Hamka menjelaskan, bahwa Kerajaan Majapahit pada zaman kebesarannya, terutama semasa dalam kendali Patih Gajah Mada, memang adalah sebuah kerajaan Hindu yang besar di Indonesia, dan pernah mengadakan ekspansi, serangan dan tekanan atas pulau-pulau Indonesia yang lain. Dalam kitab “Negarakertagama” disebutkan daftar negeri taklukkan Majapahit. Berbagai Kerajaan, baik Hindu, Budha, maupun Kerajaan Islam ditaklukkan.

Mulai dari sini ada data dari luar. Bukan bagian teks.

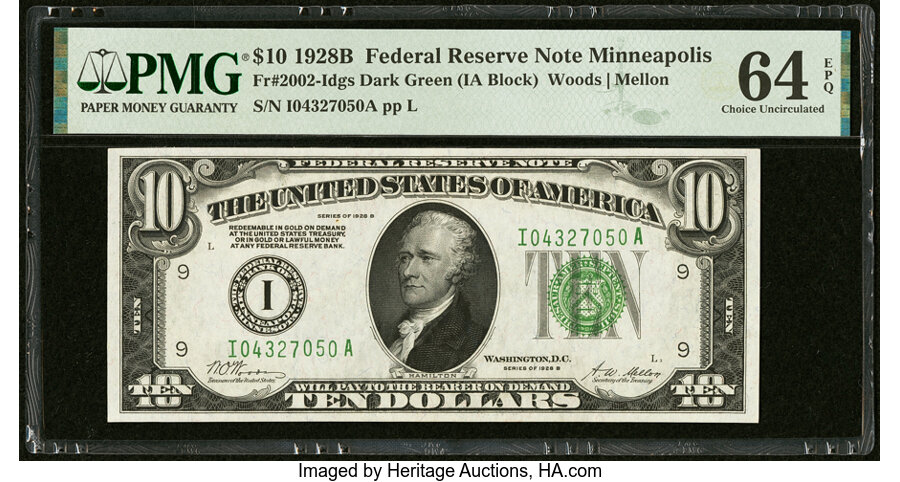 image for: Fr. 2002-I $10 1928B Federal Reserve Note. PMG Choice Uncirculated 64 EPQ....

Kerajaan Islam Pasai dan Terengganu pun dihancurkan oleh Majapahit. Pasai tidak pernah bangkit lagi sebagai sebuah kerajaan. Tapi, Pasai kaya dengan para ulama. Di dalam sejarah Melayu, Tun Sri Lanang menulis, bahwa setelah Kerajaan Malaka naik dan maju, senantiasa juga ahli-ahli agama di Malaka menanyakan hukum-hukum Islam yang sulit ke Pasai. Dan jika ada orang-orang besar Pasai datang ziarah ke Malaka, mereka disambut juga oleh Sultan-sultan di Malaka dengan serba kebesaran.
Menurut Hamka, jika Pasai ditaklukkan dengan senjata, maka para ulama Pasai kemudian datang ke Tanah Jawa dengan dakwah, dengan keteguhan cita-cita dan ideologi. Para ulama datang ke Gresik sambil berniaga dan berdakwah. Terdapatlah nama-nama Maulana Malik Ibrahim dan Maulana Ibrahim Asmoro, atau Jumadil Kubro, ayah dari Maulana Ishak yang berputera Sunan Giri (Raden Paku) dan Sunan Ngampel (Makhdum Ibrahim).

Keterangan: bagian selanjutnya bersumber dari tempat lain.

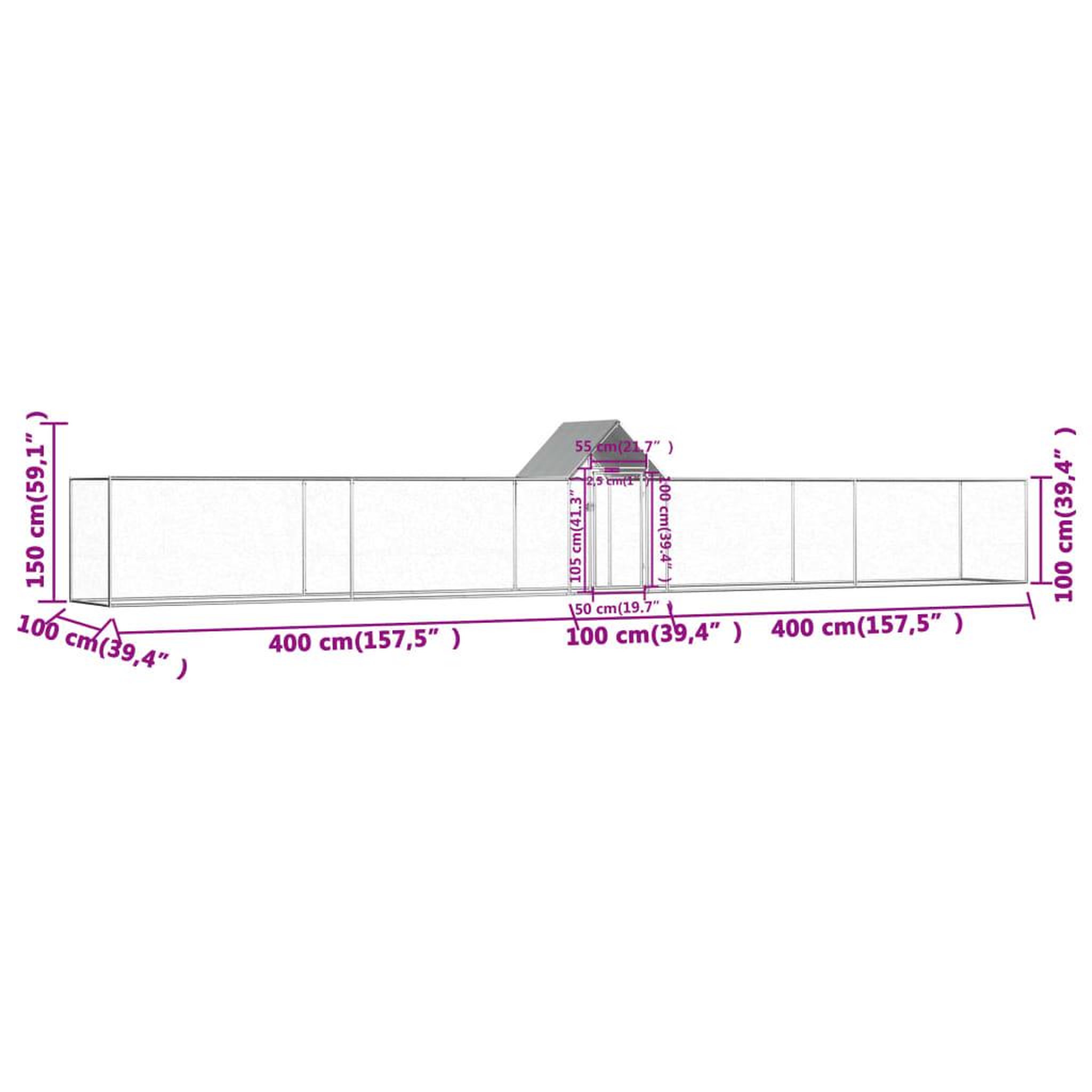Voir la diapositive 6 : VIDAXL Poulailler 9 x 1 x 1,5 m Acier galvanise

“Dengan sabar dan mempunyai rancangan yang teratur, guru-guru Islam berdarah Arab-Persia-Aceh, itu menyebarkan agamanya di Jawa Timur, sampai Giri menjadi pusat penyiaran Islam, bukan saja untuk tanah Jawa, bahkan sampai ke Maluku. Sampai akhirnya Sunan Bonang (Raden Rahmat) dapat mengambil Raden Patah, putra Raja Majapahit yang terakhir (Brawijaya) dikawinkan dengan cucunya, dan akhirnya dijadikan Raja Islam yang pertama di Demak,” tulis Hamka.
Tindakan para wali dalam penyebaran Islam di Jawa itu tidak dapat dicela oleh raja-raja Majapahit. Bahkan, kekuasaan dan kewibawaan mereka di tengah masyarakat semakin meluas. Ada wali yang diangkat sebagai adipati Kerajaan Majapahit. Hamka menolak keras pandangan yang menyatakan, bahwa Majapahit runtuh karena diserang Islam. Itu adalah pemutarbalikan sejarah yang sengaja disebarkan oleh orientalis seperti Snouck Hourgronje. Upaya ini dilakukan untuk menjauhkan bangsa Indonesia agar tidak menjadikan Islam sebagai basis semangat kebangsaan. “Maksud ini berhasil,” papar Hamka.
Akibatnya, dalam pentas sejarah nasional Indonesia yang diajarkan di sekolah-sekolah, nama Sunan Ampel dan Sunan Giri tenggelam oleh nama Gajah Mada. Nama Raden Patah dan Pati Unus yang mencoba mengusir penjajah Portugis dari Malaka tenggelam oleh nama Raja Airlangga. Upaya sistematis untuk memecah belah bangsa Indonesia yang mayoritasnya Muslim dilakukan dengan berbagai cara oleh penjajah Belanda. Salah satunya dengan menjauhkan Islam dari semangat kebangsaan Indonesia. Seolah-olah Indonesia adalah kelanjutan Kerajaan Majapahit.
Simaklah paparan Hamka selanjutnya berikut ini:
“Marilah kita jadikan saja segala kejadian itu, menjadi kekayaan sejarah kita, dan jangan dicoba memutar balik keadaan, agar kokohkan kesatuan bangsa Indonesia, di bawah lambaian Merah Putih!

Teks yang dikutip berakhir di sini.